__WHAT TO PRODUCE__: Retype each entry below exactly. Do not carry any image over.

====== PROVIDED INFORMATION

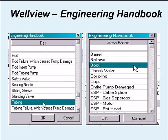Here's an example of the description library, the failure description, so these are all the different parts: rods, rod failure which caused pump damage, rod insert pump, safety valves, that kind of thing. And then the area, like in this case, it was a tubing failure and it was a tubing body that failed.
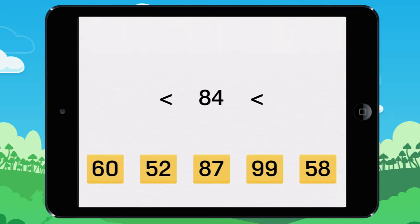To decide what numbers come before and after 84, take care — several answers are possible.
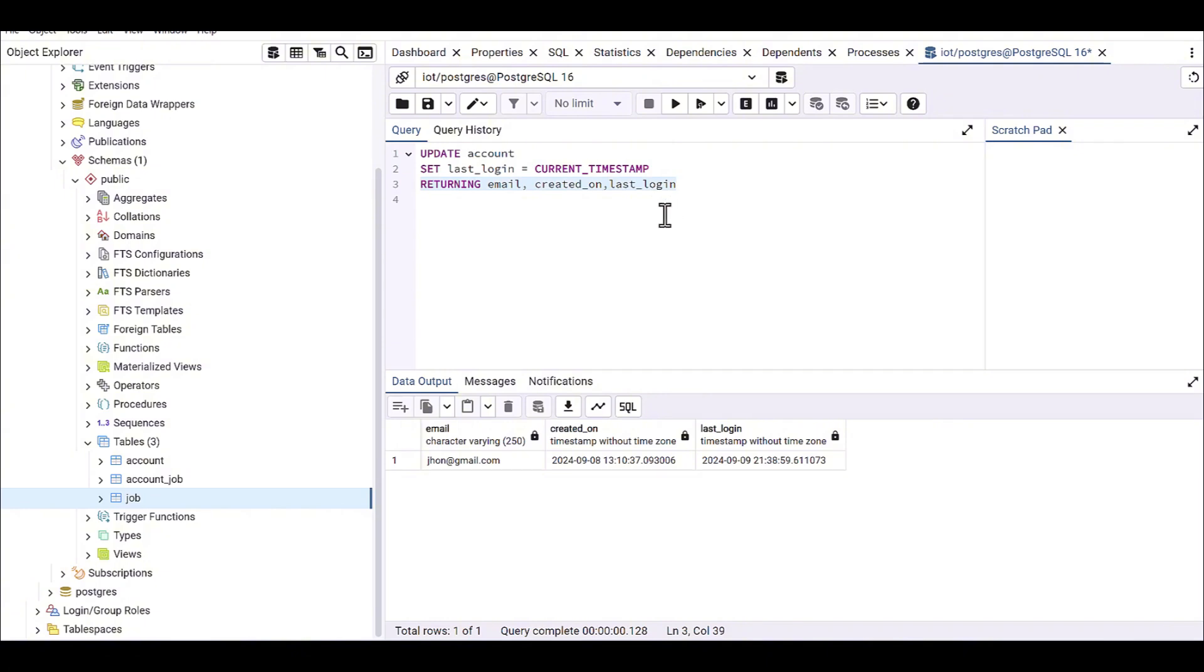I don't need to use SELECT all or select a specific table to show the result. With this RETURNING, I can see all this information at here.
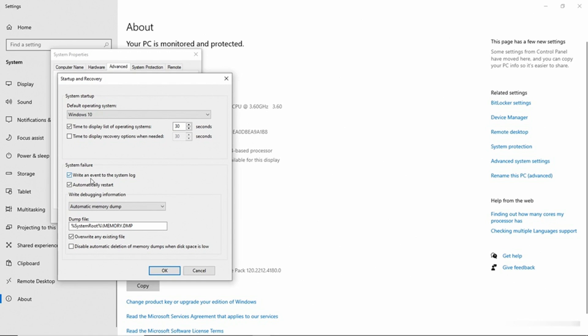The second option is Automatically Restart. I recommend deselecting this option if you're serious about trying to get to the root cause of the blue screen error. The reason for that is that if the system automatically restarts, it may restart before you have a chance to write down the specifics of the error. So I like to clear this out just so that I can have the error on screen for as long as I need it and I don't have to worry about the system rebooting on me.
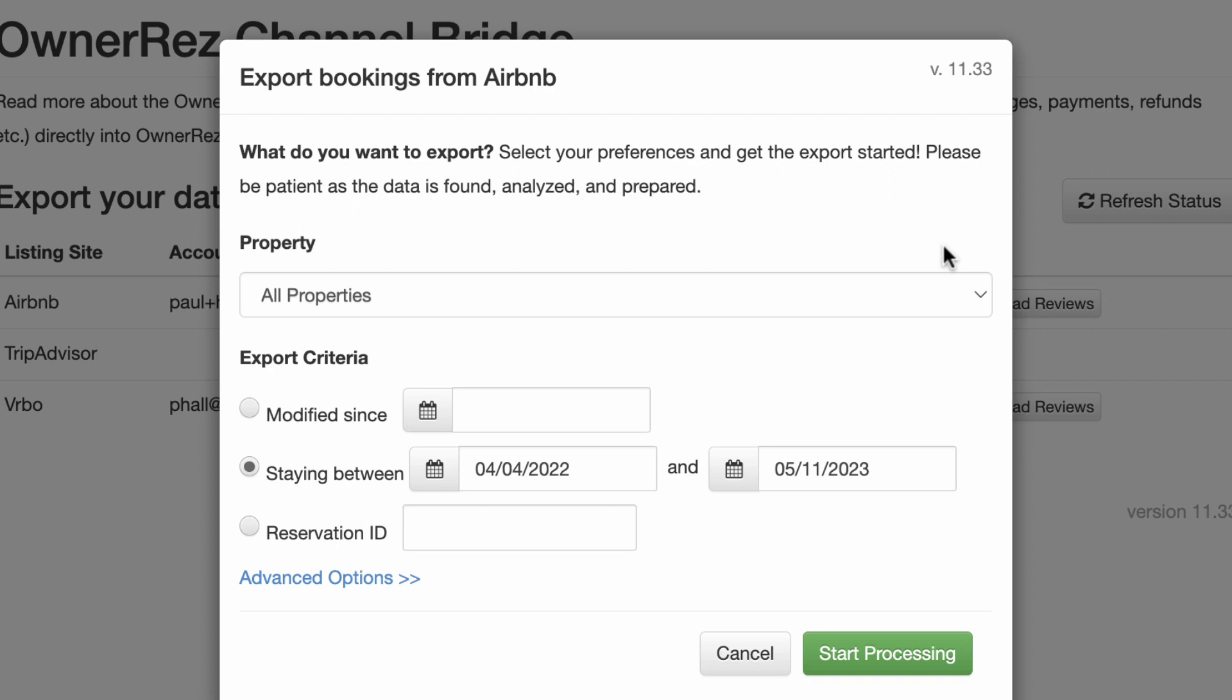Please note, if you have a lot of properties, we recommend you do this one property at a time since you will most likely be downloading hundreds of bookings.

============

__YOUR SOLUTION__:
Here's an example of the description library, the failure description, so these are all the different parts: rods, rod failure which caused pump damage, rod insert pump, safety valves, that kind of thing. And then the area, like in this case, it was a tubing failure and it was a tubing body that failed.
To decide what numbers come before and after 84, take care — several answers are possible.
I don't need to use SELECT all or select a specific table to show the result. With this RETURNING, I can see all this information at here.
The second option is Automatically Restart. I recommend deselecting this option if you're serious about trying to get to the root cause of the blue screen error. The reason for that is that if the system automatically restarts, it may restart before you have a chance to write down the specifics of the error. So I like to clear this out just so that I can have the error on screen for as long as I need it and I don't have to worry about the system rebooting on me.
Please note, if you have a lot of properties, we recommend you do this one property at a time since you will most likely be downloading hundreds of bookings.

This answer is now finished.